(Beginning of Data supplied)

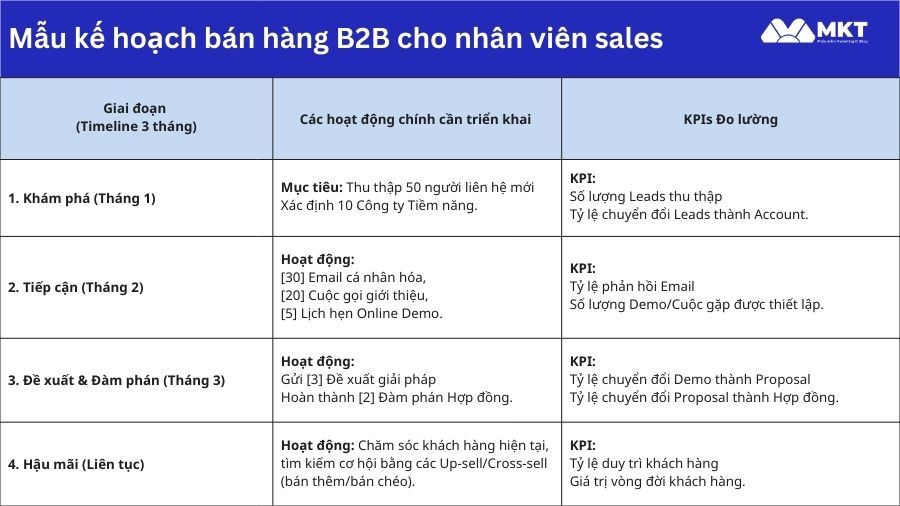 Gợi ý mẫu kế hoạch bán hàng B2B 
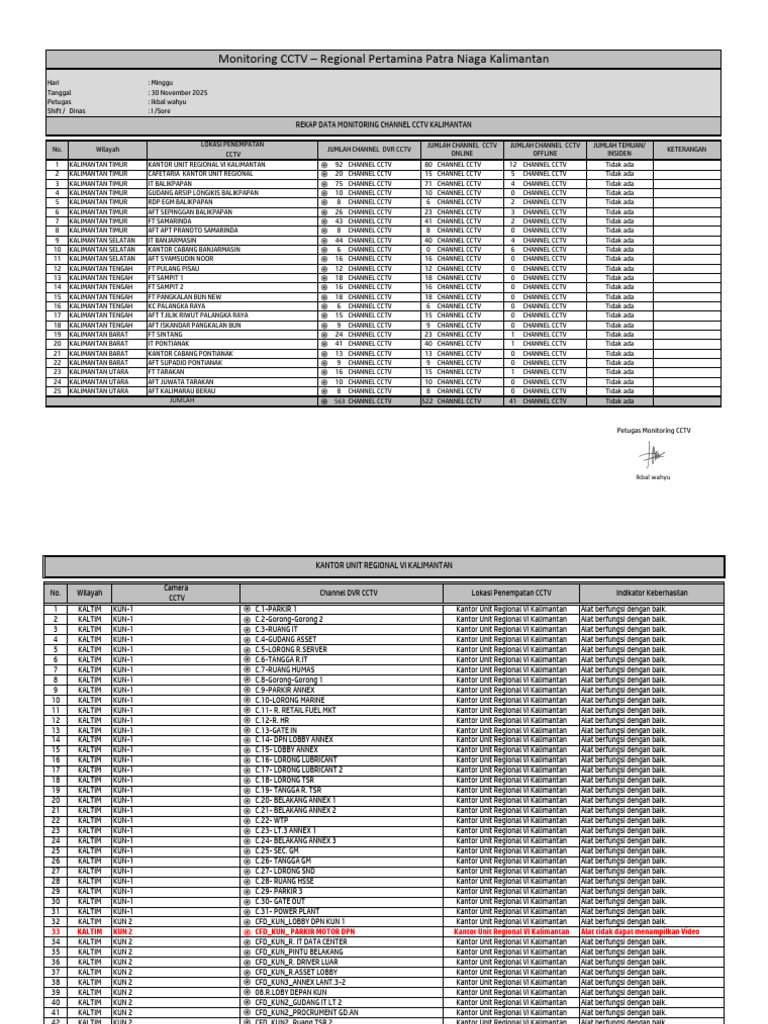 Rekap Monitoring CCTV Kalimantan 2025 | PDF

(End of Data supplied)
(Beginning of Data supplied)

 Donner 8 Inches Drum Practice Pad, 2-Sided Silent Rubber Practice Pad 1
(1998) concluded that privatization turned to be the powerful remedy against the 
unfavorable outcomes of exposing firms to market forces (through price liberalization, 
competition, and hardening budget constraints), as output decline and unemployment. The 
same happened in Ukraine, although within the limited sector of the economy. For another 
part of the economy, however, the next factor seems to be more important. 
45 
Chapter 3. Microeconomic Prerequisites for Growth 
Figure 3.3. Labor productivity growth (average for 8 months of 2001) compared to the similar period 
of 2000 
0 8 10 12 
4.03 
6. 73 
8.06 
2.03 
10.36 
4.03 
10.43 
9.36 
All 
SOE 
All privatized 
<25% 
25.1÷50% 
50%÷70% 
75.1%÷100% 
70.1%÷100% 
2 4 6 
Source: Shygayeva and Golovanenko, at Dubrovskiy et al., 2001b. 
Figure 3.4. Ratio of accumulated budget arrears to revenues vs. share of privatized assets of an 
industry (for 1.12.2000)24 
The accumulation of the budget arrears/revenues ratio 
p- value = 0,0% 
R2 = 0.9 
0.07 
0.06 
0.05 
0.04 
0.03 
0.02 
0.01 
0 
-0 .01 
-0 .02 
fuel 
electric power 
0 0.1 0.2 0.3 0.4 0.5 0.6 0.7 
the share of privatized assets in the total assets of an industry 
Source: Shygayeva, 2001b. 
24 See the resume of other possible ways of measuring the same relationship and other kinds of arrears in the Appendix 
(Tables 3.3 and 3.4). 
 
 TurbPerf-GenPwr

(End of Data supplied)
(Beginning of Data supplied)

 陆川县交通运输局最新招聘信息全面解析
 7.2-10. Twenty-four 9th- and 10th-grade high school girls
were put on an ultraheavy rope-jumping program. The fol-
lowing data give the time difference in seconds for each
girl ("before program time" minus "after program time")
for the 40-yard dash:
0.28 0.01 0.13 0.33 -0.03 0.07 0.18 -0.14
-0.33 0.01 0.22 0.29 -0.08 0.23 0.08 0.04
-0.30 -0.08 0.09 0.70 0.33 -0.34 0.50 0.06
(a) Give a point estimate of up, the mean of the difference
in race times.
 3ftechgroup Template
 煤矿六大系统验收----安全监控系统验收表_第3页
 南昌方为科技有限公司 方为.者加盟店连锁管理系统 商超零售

(End of Data supplied)

> _Work request_
Return, unchanged, the run of lines above that opens with the line containing "p- value = 0,0%" and closes with the line containing "24 See the resume". Include both.

> _Solution for this exercise_
p- value = 0,0% 
R2 = 0.9 
0.07 
0.06 
0.05 
0.04 
0.03 
0.02 
0.01 
0 
-0 .01 
-0 .02 
fuel 
electric power 
0 0.1 0.2 0.3 0.4 0.5 0.6 0.7 
the share of privatized assets in the total assets of an industry 
Source: Shygayeva, 2001b. 
24 See the resume of other possible ways of measuring the same relationship and other kinds of arrears in the Appendix 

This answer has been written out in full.